His bark worked. It keeps working. Every time I try to tell my family, Brody’s command to stay silent and not share even one thing with anyone rings in my ears, vibrating a command that rattles through me from my head to my toes, stealing words from my lips. It’s horrid.

I know my parents are aware something has happened. At the same time, they’ve made little attempt to figure it out. I don’t want to say they’re hiding behind Lawson’s needs, but it is what I feel, which only adds to the crushing sadness I now have inside my heart. Not for the first time in my life, I wish they saw beyond the world they’ve spent their entire lives perfecting.

Brody continues his rise as an emerging key-player in the Henderson family. He can do no wrong.

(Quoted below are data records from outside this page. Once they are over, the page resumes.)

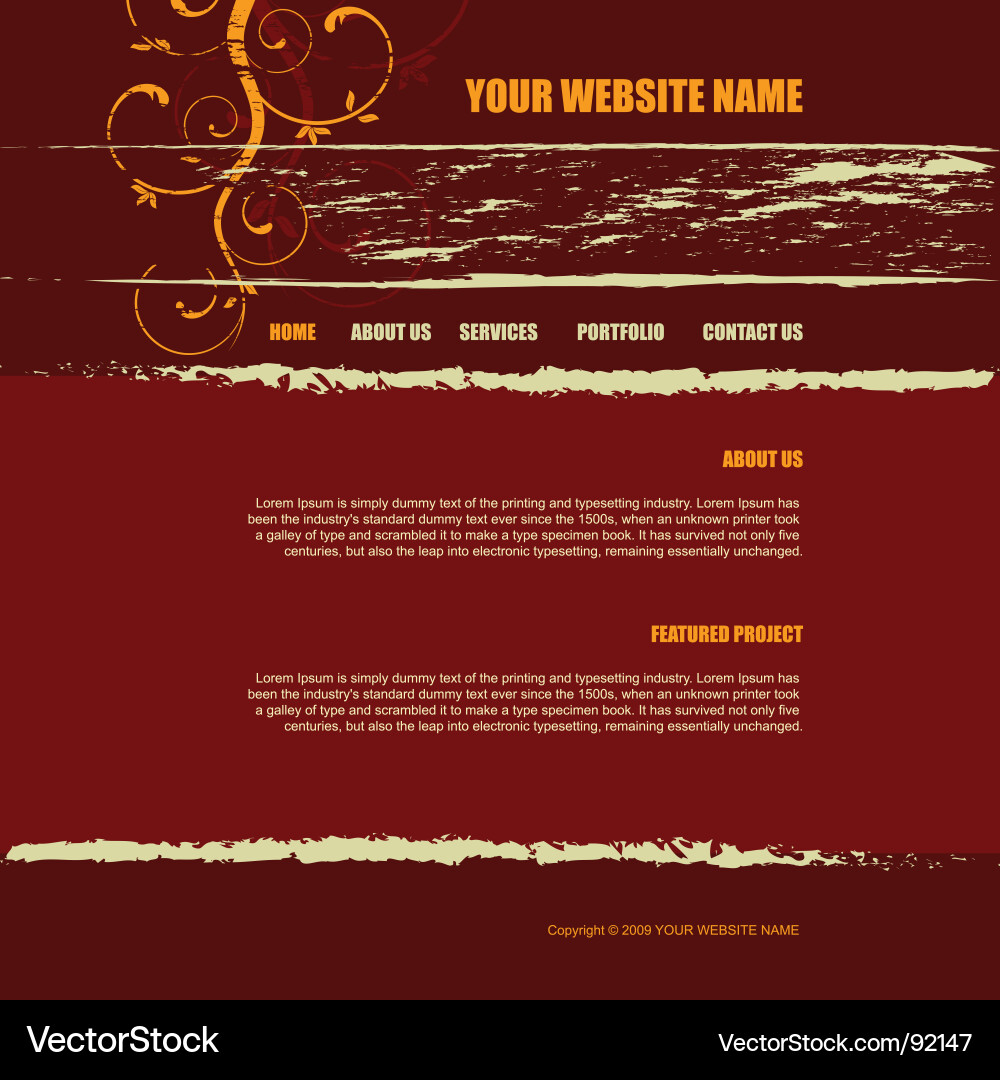 Grunge Website Header Template vector image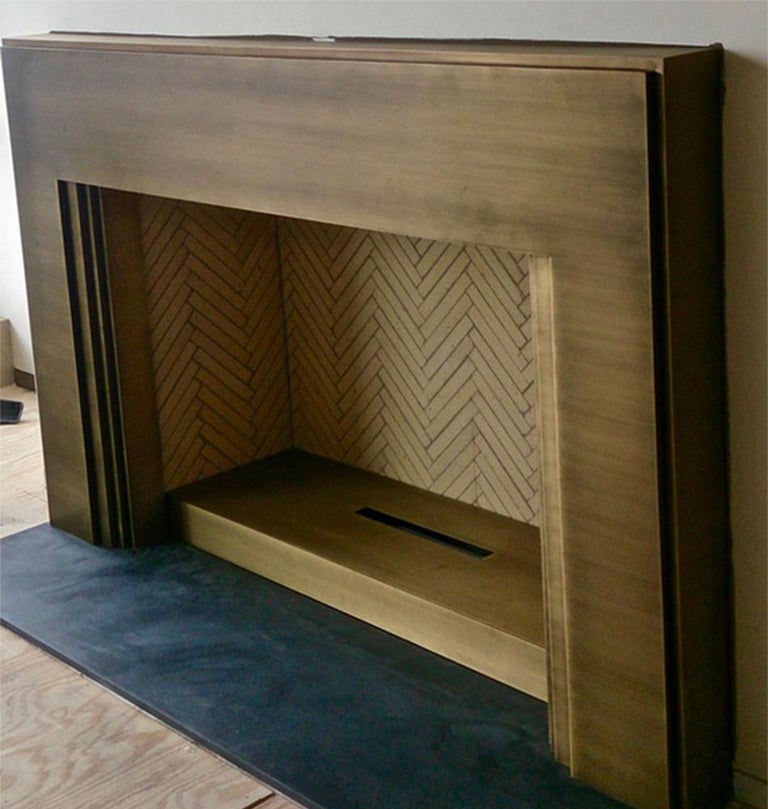 Metal Fireplace Mantel Surround Custom Sizing For Sale At 1stdibs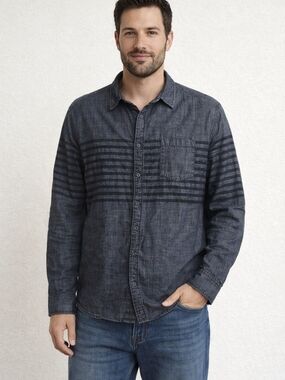 Route 66 Men's Dark Blue Striped Casual Button-Down Shirt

And worst of all, he knows it. He probably didn’t even need to bark me silent—nothing I say would ever change their mind about the kind of person he is.

More than that, I suspect no one would question what he did because in their eyes, it was his right as my intended Alpha. They might not approve of the timing, but in the end, they’d fall back on the fact that we were ‘packed’ together. And given how adored he is, I have no doubt they’d weave the story—turning me into the villain, crafting excuses for him so neatly that I’d be the one left carrying the blame.

I’m not going to waste my energy on trying to sway anyone. Why should I?

I know I said no. I know he barked in my face until my fight was gone. I know he thinks he won.